Secondly, you said today's decision was unanimous, but was a case made for a more expansionary package?
President Lagarde: As I've said,
the decision was unanimous and that unanimity I think carries a long way in demonstrating our resolve to deal with the issues.
Now, as to markets, first of all, it takes a little bit of time, generally, for decisions to be analysed, digested and appreciated. The fact that we are dealing with this full allotment liquidity facility at reduced rate compared with the current situation, the fact that we are putting in place a massive targeted long-term refinancing system that is available to all with a particular focus on SMEs, and with multipliers that are significant. If you look at the volume of lending that can be accessed, we're talking about 50% relative to the previous loan book, if you will; we're talking about an entry rate of -25 basis points, and we're talking about an ultimate interest rate based on the track record of the lending institution of -75 basis points. I'm not sure that you can actually so much rival with that at the moment, and by the way, comparisons are odious.
I have one question concerning bank lending. The ECB can provide cheap money, but the most important problem at the moment might be that banks are more reluctant to pass on credit because of the risks. Is it necessary to have some form of national or maybe European guarantee schemes to ensure that?
You've mentioned that there will probably be a lot of debt issuance in the future. At the moment certain countries are hit especially hard, like Italy. What can the ECB do if the spread for government bonds increase? Would it be an option to activate, for example, the OMT programme, or could there be other possibilities to help certain countries?
President Lagarde: On the guarantee scheme, I think I was very explicit in the introductory statement on that, but I'm happy to restate it. We are making available to all enterprises, with a focus on SMEs, massive refinancing means at very preferential rates, and in significant amounts. To encourage banks to actually use that facility we believe, and we have put in the introductory statement, that guarantee schemes would very much be in order. So in other words, it's a guarantee that is put together by the state, or an agency of the state, or a European agency in order to support all a part of the risk that is actually taken by the bank in extending lending facility to an enterprise, notably, in a sector which is particularly exposed. I mean, that is how we believe that the financing we're putting in place will be most efficient. Now, whether that is conducted at the national level or at the European level is for the policymakers to decide. What matters to us is that it is in place as rapidly as is possible. Some countries have already taken steps or are exploring steps in that direction. I would certainly, for the efforts that we are undertaking, I would certainly hope that they do that promptly in order to make sure that credit continues to flow to the economy, particularly the SMEs that are vulnerable in the present circumstances. So that was my point number one.

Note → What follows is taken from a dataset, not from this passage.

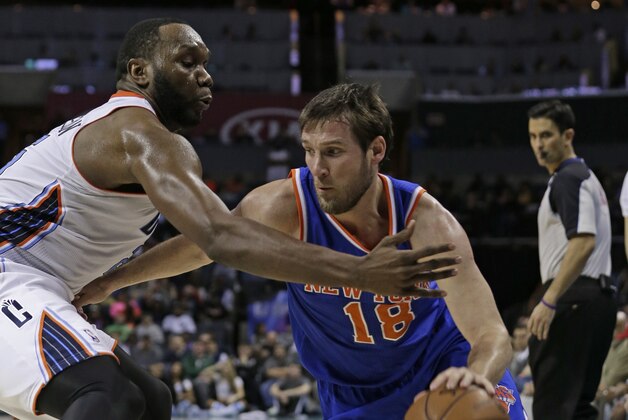 New York Knicks' Beno Udrih, right, drives past Charlotte Bobcats' Al Jefferson, left, during the second half of an NBA basketball game in Charlotte, N.C., Tuesday, Jan. 14, 2014. The Bobcats won 108-98. (AP Photo/Chuck Burton)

My point number two has to do with more debt issuance coming down the road depending on the fiscal expansion that will be determined by policymakers. Well, we will be there, as I said earlier on, using full flexibility, but
we are not here to close spreads[1]. This is not the function or the mission of the ECB. There are other tools for that, and there are other actors to actually deal with those issues.
EDIT:
The ECB even took the unprecedented step of editing the official transcript of the press conference to amend it with her comments to CNBC.
[1][Statement in CNBC interview after press conference:] I am fully committed to avoid any fragmentation in a difficult moment for the euro area. High spreads due to the coronavirus impair the transmission of monetary policy. We will use the flexibility embedded in the asset purchase programme, including within the public sector purchase programme. The package approved today can be used flexibly to avoid dislocations in bond markets, and we are ready to use the necessary determination and strength.